Romantisme à la sauce quadra
Une Nuit à Rome décrit l’itinéraire nostalgique d’un quadragénaire à la recherche de son premier grand amour. L’élément déclencheur se résume à une cassette vidéo que Raphaël revoit le jour de son anniversaire. Dans ce message, la jeune femme lui rappelle une promesse faite vingt ans plus tôt : passer une nuit ensemble à Rome, et propose de l’accomplir pour leurs quarante ans !
Raphaël avait pourtant la vie qu’il avait toujours rêvée, avec sa compagne du moment. Mais il décide néanmoins de partir seul pour Rome, profondément troublé par ce message vidéo. Va-t-il prendre le risque de renouer avec ses premières amours ? C’est tout l’enjeu et le suspens de cette comédie sentimentale bien menée et graphiquement très réussie.
Ambiance solaire et sexy, le scénario du scénariste-dessinateur Jim a de quoi séduire et fonctionne plutôt bien même, s’il n’élude pas les clichés propres à ce type de littérature.
L’intrigue aussi mince soit-elle (le héros risque-t-il de tout abandonner pour revivre son premier amour ?) fonctionne parfaitement, la qualité du trait fait passer ce qu’on aurait tort de réduire à une mièvrerie sentimentale. Cette version branchée et romanesque de Vingt ans après interpellera sans doute les abonnés à la crise de la quarantaine et tous ceux qui un jour ou l’autre ont été tentés de revivre un amour de jeunesse.
"J’aime surtout traiter de personnages non finis, explique l’auteur, Des individus qui ne sont jamais dans le boulot qu’ils rêvaient, qui sont toujours en quête d’autre chose. Narrativement, cette instabilité me plaît bien, elle est idéale pour faire basculer le personnage dans l’intrigue. Et personnellement, c’est quelque chose que je ressens, comme beaucoup j’en suis sûr : comment être satisfait de nos vies, et ne pas chercher ailleurs ? Ne pas vouloir être quelqu’un d’autre, goûter à d’autres vies ? C’est aussi ces idées-là qui transparaissent dans ’Une Nuit à Rome’ effectivement."
La ligne directrice de ce diptyque en deux lignes tient (une fois de plus) dans les réflexions des personnages, leur cheminement personnel et cette douce folie qui étreint le lecteur. Le dessin de Jim, la simplicité de son trait et l’intelligence de son découpage donnent une dimension complémentaire à sa thématique, s’harmonisant parfaitement avec le ton de l’album. Enfin, les couleurs de Delphine parachèvent l’ensemble, pour faire d’Une Nuit à Rome une des réussites de cette année 2012.

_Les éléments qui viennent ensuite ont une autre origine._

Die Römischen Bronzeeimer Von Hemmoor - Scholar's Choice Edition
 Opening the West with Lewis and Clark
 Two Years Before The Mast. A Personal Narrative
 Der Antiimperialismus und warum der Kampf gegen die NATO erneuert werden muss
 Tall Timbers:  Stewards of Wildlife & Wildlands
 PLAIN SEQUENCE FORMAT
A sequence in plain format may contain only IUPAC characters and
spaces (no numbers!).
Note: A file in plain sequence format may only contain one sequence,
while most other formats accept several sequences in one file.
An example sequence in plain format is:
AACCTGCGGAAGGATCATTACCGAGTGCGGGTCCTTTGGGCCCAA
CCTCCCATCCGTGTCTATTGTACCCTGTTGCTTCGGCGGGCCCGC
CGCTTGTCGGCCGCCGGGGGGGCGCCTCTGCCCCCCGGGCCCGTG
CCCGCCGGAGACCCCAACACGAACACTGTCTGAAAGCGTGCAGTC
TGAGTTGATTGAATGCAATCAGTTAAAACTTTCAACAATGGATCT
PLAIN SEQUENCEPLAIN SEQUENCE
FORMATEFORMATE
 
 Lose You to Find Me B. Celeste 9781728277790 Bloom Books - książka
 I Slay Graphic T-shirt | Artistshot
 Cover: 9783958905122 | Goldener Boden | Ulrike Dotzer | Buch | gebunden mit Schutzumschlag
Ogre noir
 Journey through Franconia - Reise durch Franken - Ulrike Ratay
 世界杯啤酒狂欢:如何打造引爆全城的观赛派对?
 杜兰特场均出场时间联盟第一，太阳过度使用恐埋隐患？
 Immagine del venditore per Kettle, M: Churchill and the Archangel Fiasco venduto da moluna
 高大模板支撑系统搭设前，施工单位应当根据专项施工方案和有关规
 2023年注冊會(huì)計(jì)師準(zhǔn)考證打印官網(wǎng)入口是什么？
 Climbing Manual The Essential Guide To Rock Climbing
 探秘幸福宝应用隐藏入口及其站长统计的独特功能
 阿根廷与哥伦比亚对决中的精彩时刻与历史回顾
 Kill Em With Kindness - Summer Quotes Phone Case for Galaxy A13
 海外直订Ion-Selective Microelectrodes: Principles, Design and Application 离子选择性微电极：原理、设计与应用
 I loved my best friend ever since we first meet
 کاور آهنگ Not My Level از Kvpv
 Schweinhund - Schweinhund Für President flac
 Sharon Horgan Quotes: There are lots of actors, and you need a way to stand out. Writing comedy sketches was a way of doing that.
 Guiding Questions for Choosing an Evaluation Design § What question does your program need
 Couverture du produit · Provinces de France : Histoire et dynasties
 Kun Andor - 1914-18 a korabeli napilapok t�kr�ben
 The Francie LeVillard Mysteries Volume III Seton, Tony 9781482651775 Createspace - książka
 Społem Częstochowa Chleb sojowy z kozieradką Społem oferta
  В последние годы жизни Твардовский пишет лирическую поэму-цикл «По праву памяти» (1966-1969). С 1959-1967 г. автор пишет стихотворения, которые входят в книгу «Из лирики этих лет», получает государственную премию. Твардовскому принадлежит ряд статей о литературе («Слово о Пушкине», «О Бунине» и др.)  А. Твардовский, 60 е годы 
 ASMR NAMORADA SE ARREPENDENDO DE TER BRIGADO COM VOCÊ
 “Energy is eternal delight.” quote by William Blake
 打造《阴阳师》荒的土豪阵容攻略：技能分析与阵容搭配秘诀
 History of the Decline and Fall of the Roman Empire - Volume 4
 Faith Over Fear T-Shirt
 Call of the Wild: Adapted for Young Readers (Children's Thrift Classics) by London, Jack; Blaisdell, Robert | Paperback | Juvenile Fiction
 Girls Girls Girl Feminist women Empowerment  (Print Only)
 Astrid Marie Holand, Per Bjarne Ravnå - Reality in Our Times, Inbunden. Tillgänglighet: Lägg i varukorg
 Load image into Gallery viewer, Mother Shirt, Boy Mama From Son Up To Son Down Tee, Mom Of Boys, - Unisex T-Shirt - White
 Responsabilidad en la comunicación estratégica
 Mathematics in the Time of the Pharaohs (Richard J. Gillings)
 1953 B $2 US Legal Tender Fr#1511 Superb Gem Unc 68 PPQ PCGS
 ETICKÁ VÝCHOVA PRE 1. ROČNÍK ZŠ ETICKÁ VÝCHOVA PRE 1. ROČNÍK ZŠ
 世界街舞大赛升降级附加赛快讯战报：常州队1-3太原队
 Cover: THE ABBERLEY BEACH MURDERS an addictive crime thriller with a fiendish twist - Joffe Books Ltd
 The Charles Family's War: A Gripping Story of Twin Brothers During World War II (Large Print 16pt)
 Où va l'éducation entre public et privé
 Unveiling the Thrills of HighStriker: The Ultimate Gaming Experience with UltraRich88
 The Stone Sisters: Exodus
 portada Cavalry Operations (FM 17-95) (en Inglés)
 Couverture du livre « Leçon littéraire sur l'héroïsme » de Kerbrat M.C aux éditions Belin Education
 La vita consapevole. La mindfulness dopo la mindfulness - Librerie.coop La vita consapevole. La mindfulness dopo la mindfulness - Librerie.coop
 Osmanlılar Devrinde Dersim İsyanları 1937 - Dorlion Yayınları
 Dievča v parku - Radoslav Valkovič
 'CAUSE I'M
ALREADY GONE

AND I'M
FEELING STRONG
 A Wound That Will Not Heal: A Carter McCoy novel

Le retour de Nicaise sur un scénario de Bartoll
Changement de personnages et de milieu mais pas de décor. puisqu’avec La Tragédie grecque de Bartoll et Nicaise, on retrouve la Méditerranée, le soleil, de jolies femmes et des décors somptueux.
C’est l’ascension d’Aristote Onassis, bien avant d’épouser Maria Callas, qui nous est racontée dans ce premier tome. Le riche armateur n’hésite d’ailleurs pas à sacrifier celles qui avaient choisi de partager sa vie pour étendre son pouvoir. Luxe, amour, solitude et violence servent de toile de fond aux aventures, souvent dramatiques, de celles suivirent cette figure de ce qu’on appelait des années 1950 la Jet Set.
Raconter en BD la vie d’un des plus grands armateurs abonné à la rubrique people et aux pages éco des quotidiens internationaux constitue le fil rouge d’un récit sans complaisance, fort bien mené, et agréablement illustré par Viviane Nicaise.
Nous avions déjà pu apprécier l’élégance et la finesse de son trait dans le Cahier à fleurs avec Laurent Galandon, ou dans Sang-de-Lune scénarisé par Jean Dufaux. Dans une ambiance très glamour, voire presque kitch, ce récit nous plonge dans un univers attirant où l’on appréciera voir se mêler ces ambitions dévorantes, prises au jeu du pouvoir et des intrigues, ballotés au gré des enjeux financiers et souvent piégés par les passions amoureuses.
Au final, Bamboo publie dont deux ouvrages qui utilise avec brio les ressources et les atouts du récit sentimental pour nous offrir d’agréables récits aussi captivants qu’originaux.